Funny, yes. But regular physical exercise is no joke. In fact, it may be the most important thing a person can do to fend off heart disease, stroke, and other age-associated diseases. Emerging scientific evidence suggests that people who exercise regularly not only live longer, they live better.
Scientists have long known that regular exercise causes certain changes in the hearts of younger people: Resting heart rate is lower, heart mass is higher, and stroke volume is higher than in their sedentary counterparts. These differences make the heart a better pump. Evidence now suggests these changes occur even when exercise training begins later in life, at age 60 or 70, for instance. In other words, you don’t lose the ability to become better physically conditioned. In addition, several studies have shown that exercise not only helps reduce debilitating symptoms such as breathlessness and fatigue in people who have heart failure, it also prolongs life.

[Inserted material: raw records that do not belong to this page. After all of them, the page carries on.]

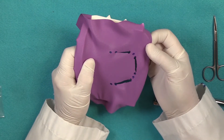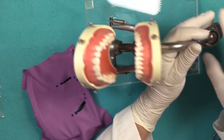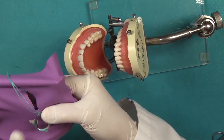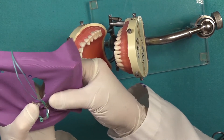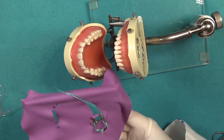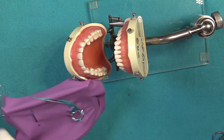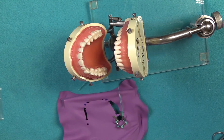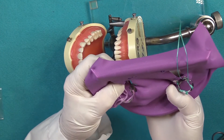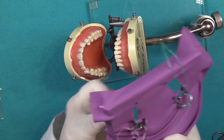You still have interproximal dam — there's your canine positioning. When you go to your patient, place the clamps into the dental dam first. It's always a good idea to put a safety floss on your clamp in case it becomes dislodged. Engage the floss through both holes — this way you can retrieve the entire clamp if it should break into two pieces, which can happen.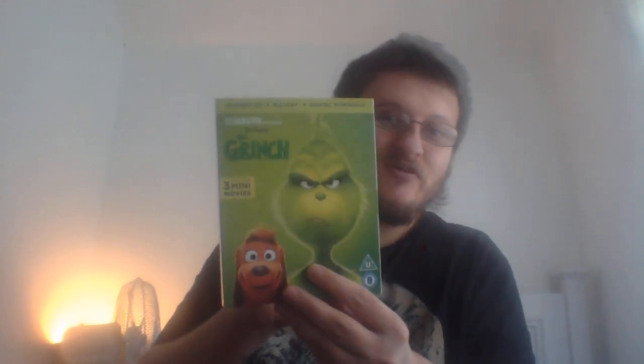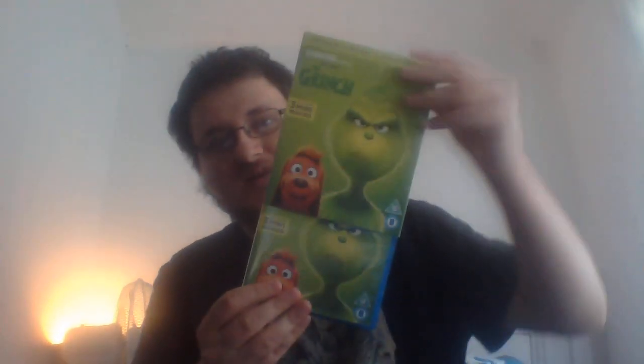Inside the case, this is a nice slipcover, it's really great. It's got the same artwork on the case as well. Anyway, thanks for watching this quick update video for this one blu-ray, hope you enjoyed it, and see you guys in the next one, bye for now!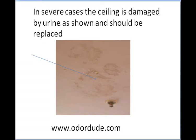If you see a ceiling looking like this, that is a serious contamination, which means you will have lots of urine in the wood in the attic. That will need to be treated — we'll talk you through how to do that in the slides following, so stay tuned.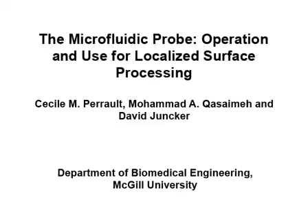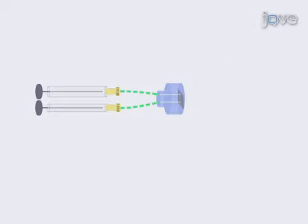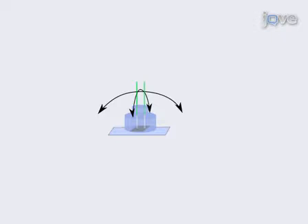This procedure shows how to assemble and use the microfluidic probe, or MFP. The microfluidic components of the MFP are gas-tight syringes, glass capillary tubes, microtite connectors from Upchurch, and the MFP head. This video will present the critical steps of assembly and alignment. Once assembled, the MFP can be used with a large variety of substrates and reagents for surface patterning and processing.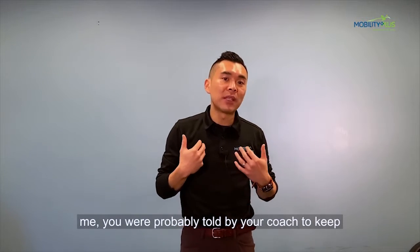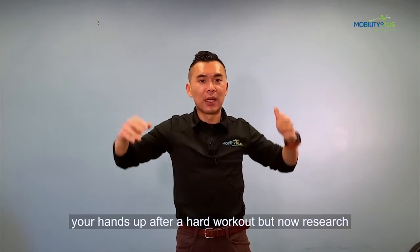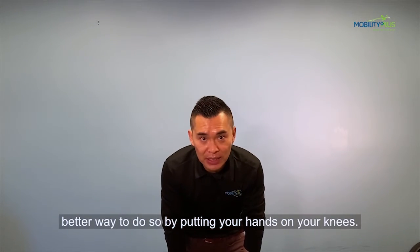If you were like me, you were probably told by your coach to keep your hands up after a hard workout, but now research has shown us you can find an even better way to do so by putting your hands on your knees.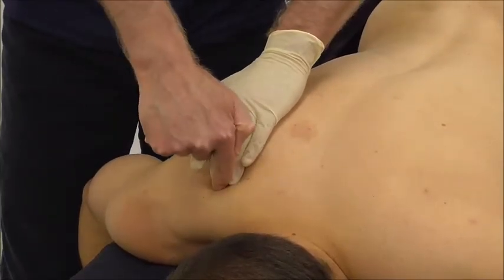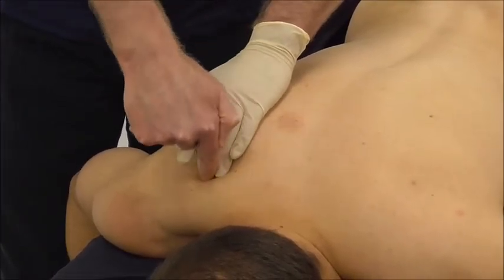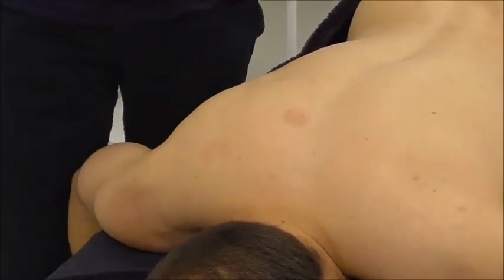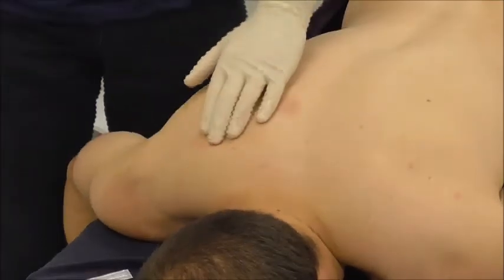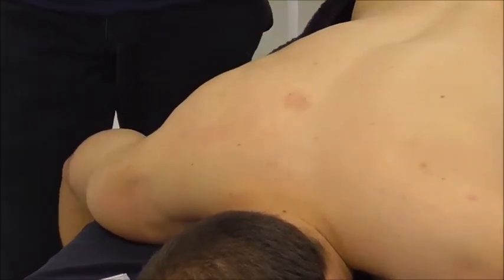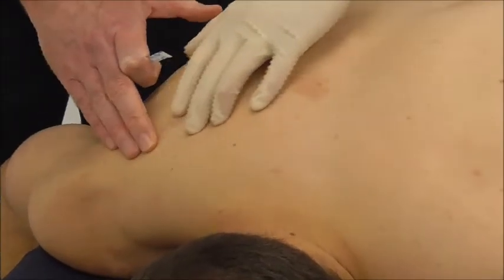When the needle goes in, it's not just going into the supraspinatus — it has to go through the middle trapezius first. As I insert this muscle, I'm going to angle the needle towards bone so that I know I'm safe. I'm going to use a specific technique called a step block to make sure I'm in the right area.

Exercise training may be effective because it appears to improve the function of virtually every cell in the cardiovascular system. Animal studies, for instance, suggest that regular aerobic workouts help heart muscle cells remove calcium from their inner fluid at a faster rate after a contraction. This improved calcium cycling allows the heart to relax more and fill with more blood between beats.
Exercise also improves blood vessel elasticity and endothelial function, in part, by blocking the production of damaging free radicals and maintaining the production of nitric oxide, an important signaling molecule that helps protect the inner layer of the arteries. Together, these changes can slow the progression of atherosclerosis and other age-related cardiovascular conditions.
Endurance exercises such as brisk walking increase your stamina and improve the health of your heart, lungs, and circulatory system. But other exercises are equally important to maintaining health and self-reliance as you get older. Strength exercises, for instance, build muscles and reduce your risk of osteoporosis. Balance exercises help prevent a major cause of disability in older adults: falls. Flexibility or stretching exercises help keep your body limber. As part of a daily routine, these exercises and other physical activities you enjoy can make a difference in your life as you get older.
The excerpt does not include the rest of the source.